Zhao (Migration)

Case

[2021] AATA 3133

20 July 2021


Zhao (Migration) [2021] AATA 3133 (20 July 2021)

DECISION RECORD

DIVISION:Migration & Refugee Division

APPLICANTS:  Ms Jing Zhao

Mr Zekang Wang


Ms Wang Chuchu

CASE NUMBER:  1831152

HOME AFFAIRS REFERENCE(S): BCC2017/1558169 BCC2017/1566926 BCC2017/1566932 BCC2017/1566936

MEMBER:Susan Hoffman

DATE:20 July 2021

PLACE OF DECISION:  Perth

DECISION:The Tribunal remits the applications for Business Skills (Residence) (Class DF) visas for reconsideration, with the direction that the first named applicant meets the following criteria for a Subclass 892 (State/Territory Sponsored Business Owner) visa:

·cl 892.213 of Schedule 2 to the Regulations.

Statement made on 20 July 2021 at 8:08am

CATCHWORDS
MIGRATION – Migration – Business Skills (Residence) (Class DF) visa – Subclass 892 – net assets requirement met – threshold amount AUD200,000 has been exceeded – decision under review remitted

LEGISLATION
Migration Act 1958, s 65, 134, 338, 347
Migration Regulations 1994, r 1.11, Schedule 2, cls 892.213, 892.411

STATEMENT OF DECISION AND REASONS

APPLICATION FOR REVIEW

  1. This is an application for review of a decision made by a delegate of the Minister for Home Affairs on 23 October 2018 to refuse to grant the visa applicants Business Skills (Residence) (Class DF) visas under s 65 of the Migration Act 1958 (Cth) (the Act).

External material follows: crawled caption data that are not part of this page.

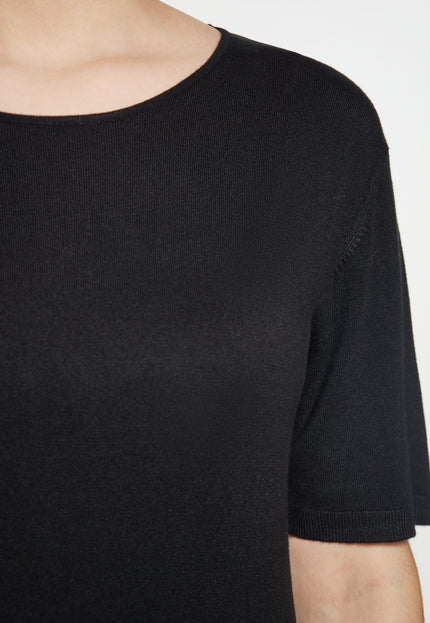 usha BLACK Koszulka damska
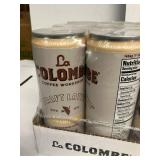 La Colombe Oatmilk Vanilla Coffee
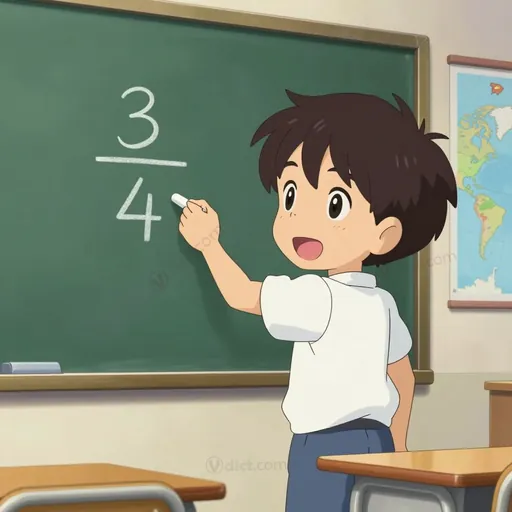 proper fraction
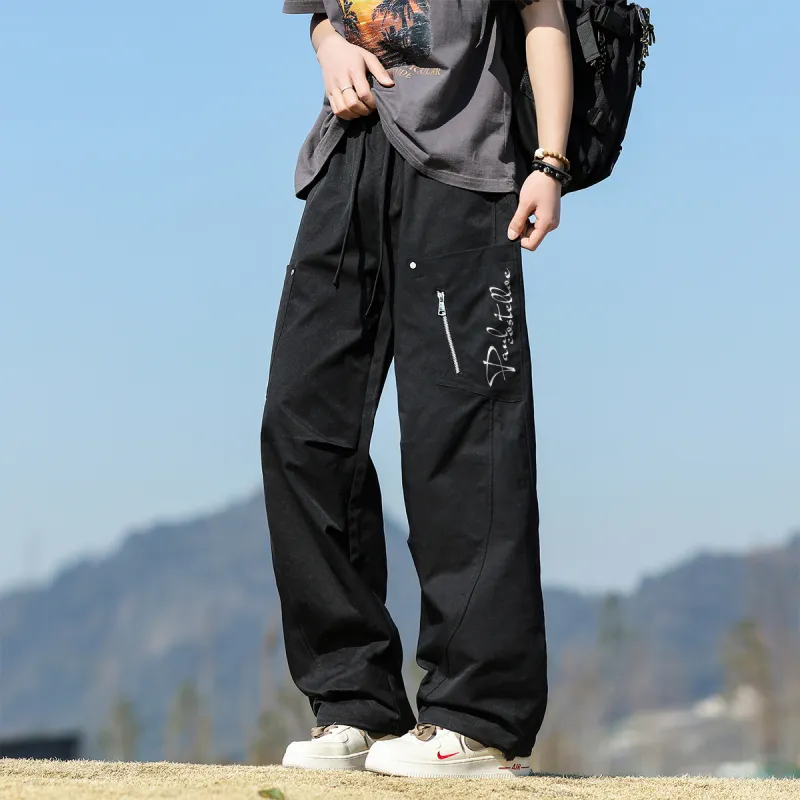 PAUL COSTELLOE Casual Pants Unisex-2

  2. Ms Jing Zhao, Mr Hengbin Wang, Mr Zekang Wang and Ms Wang Chuchu applied for the visas on 28 April 2017. At the time of application, Class DF contained four subclasses: Subclass 890 (Business Owner), Subclass 891 (Investor), Subclass 892 (State/Territory Business Owner) and Subclass 893 (State/Territory Sponsored Investor). The applicants in this case are seeking to satisfy the criteria for the grant of Subclass 892 (State/Territory Business Owner) visas, as set out in Part 892 of Schedule 2 to the Migration Regulations 1994 (Cth) (the Regulations). At least one member of the family unit must satisfy the primary criteria set out in Subdivision 892.2. The others need only to satisfy the secondary criteria set out in Subdivision 892.3.

  3. The delegate in this case refused to grant the visas on the basis that the first-named visa applicant did not satisfy the requirements of cl 892.213 of Schedule 2 to the Regulations because the turnover of the main business was not at least AUD200,000 in the 12 months immediately before the application was made.

  4. When notifying the applicants of the decision, the delegate recorded that one of the secondary applicants, Mr Hengbin Wang, did not have review rights in relation to the departmental decision.

  5. The applicants were represented in relation to the review by Mr Wei Li of iSmart Migration Services.

  6. The application for review lodged with the Tribunal included Mr Hengbin Wang as a secondary applicant. The Tribunal drew the applicants’ attention to the issue regarding Mr Hengbin Wang’s right to a review. Mr Hengbin Wang subsequently withdrew his application for review. This is discussed below under the heading ‘Jurisdictional Issue and Withdrawal of Application for Review’.

  7. The Tribunal had invited the applicants to provide further information, and written submissions were received on 12 and 26 June 2021. The Tribunal determined that it could make a favourable decision on the papers and no hearing was held.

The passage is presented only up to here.